▸ WORK TO COMPLETE: Every line of the data must appear again in the answer, exactly as written.

+++ DATA EXCERPT +++

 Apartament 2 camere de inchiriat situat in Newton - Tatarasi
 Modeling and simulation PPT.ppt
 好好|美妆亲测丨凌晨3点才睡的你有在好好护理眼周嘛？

+++

▸ EXERCISE SOLUTION:
 Apartament 2 camere de inchiriat situat in Newton - Tatarasi
 Modeling and simulation PPT.ppt
 好好|美妆亲测丨凌晨3点才睡的你有在好好护理眼周嘛？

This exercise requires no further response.